My husband’s patience and easy-going personality is a helpful contrast to my more structured and easily afraid tendencies; learning how to think differently from living life with a more relaxed person has helped so much. He hugs me, reassures me that I’m fine, and it sticking!
Trusting God’s Timing and Don’t Judge
God knew who I needed to marry; I wish I had met Stephen earlier, but when God had me meet him four years ago, my attitudes were not healthy enough yet to try, so I wrote him off as a “boring suburbanite” and so the whole journey took longer. (If you want to read more of the story, check it out here: Our Engagement Story). When I look back at the thread-thin connections of where Stephen and my paths crossed, it amazes me that we are together. Having judged Stephen, thought he wasn’t good enough for me, and then realizing that he was way above my league, taught me humility. Us, more type-A responsible older sisters sometimes judge people too quickly. Younger sisters tend to be more relaxed and open, and that attitude really helps with building a love connection. No one is perfect, so we have to settle in some areas about what we want; however, we should hold out for our top desires in a mate.
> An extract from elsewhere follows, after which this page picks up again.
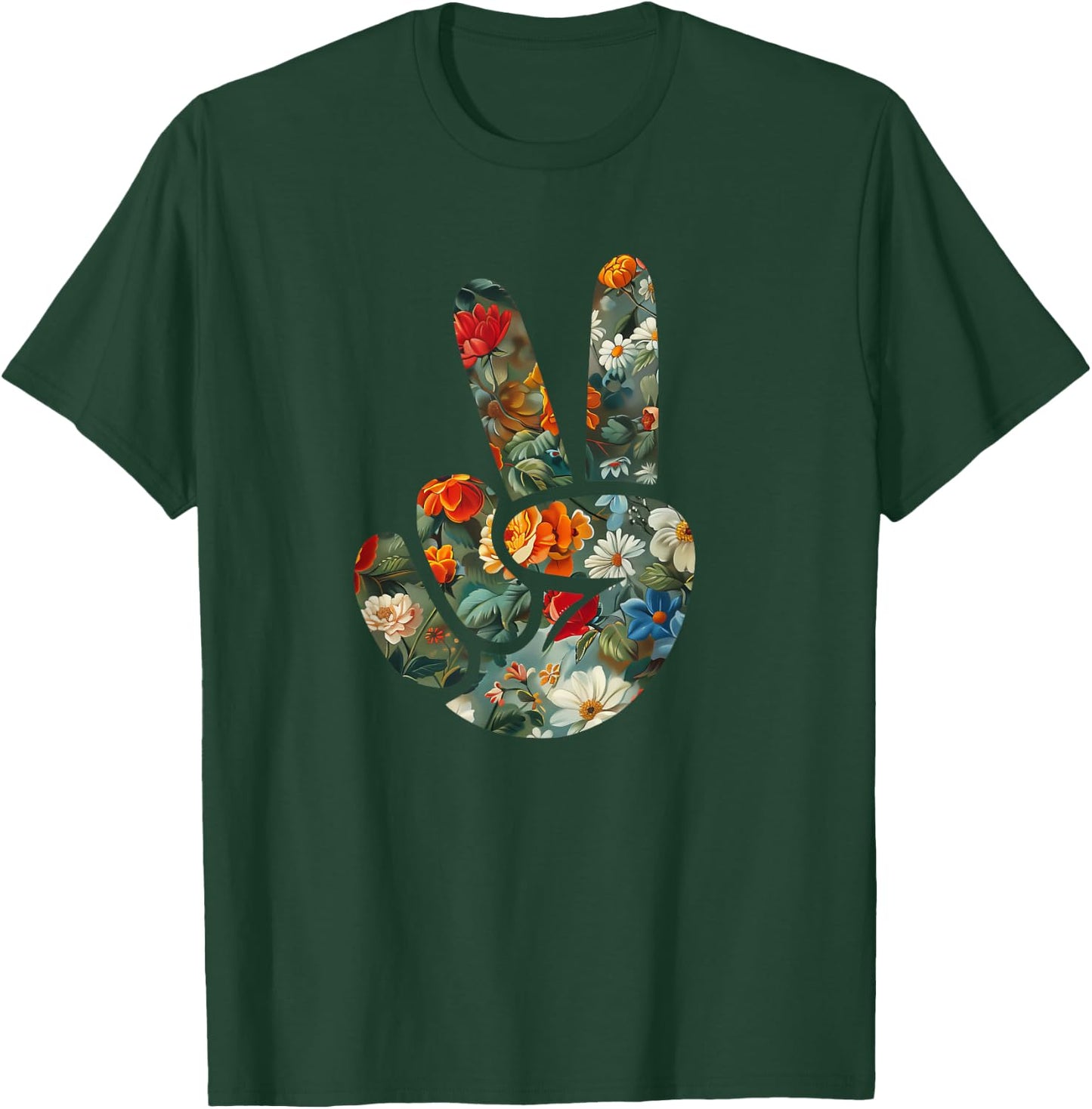 Elegant Silhouette Wildflowers Floral Peace Sign Hand T-Shirt - T-Shirt | Forest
Being Willing to Risk Love
When guys were always flocking to my younger sister, it is easy to start believing that there is something was wrong with me, and that made it even harder to risk love. I had to lay down feeling rejected, and just try putting myself out in the dating world. Online dating helped me learn how to read “guy signals.” I had been so afraid before, I could hardly tell if a guy was just wanting to be friends or if he liked me. On online dating, if a guy is talking to you, that clearly means he is at least a little attracted to you. Getting clear signals and just practicing helped me grown in confidence with dating. Then I let myself relax and just try, and then when I reconnected with Stephen I knew how to show him I liked him, and it worked! We dated ten months, were engaged ten months, and now have been married for six months, and he gets better and better! I am so thankful I chose to risk letting love into my life. Life is mush messier now—I am having more of my stubborn and icky edges knocked off by Stephen, but it is so worth it.
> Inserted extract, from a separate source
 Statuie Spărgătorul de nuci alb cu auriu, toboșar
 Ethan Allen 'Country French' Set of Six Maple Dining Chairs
Writing the article “My Younger Sister is Getting Married, and I’m Still Single” helped me process what I had been feeling and just enjoy my sister’s wedding, and I’m so thankful it has helped other older sisters wrestling with similar situations. Trusting God to guide me exactly where He wants me has been a challenge, but following Him lead me to Stephen and the life I’ve always wanted. Have hope—if you are asking God for a husband, let down, relax, try dating, and see what happens. Exciting times await in 2017.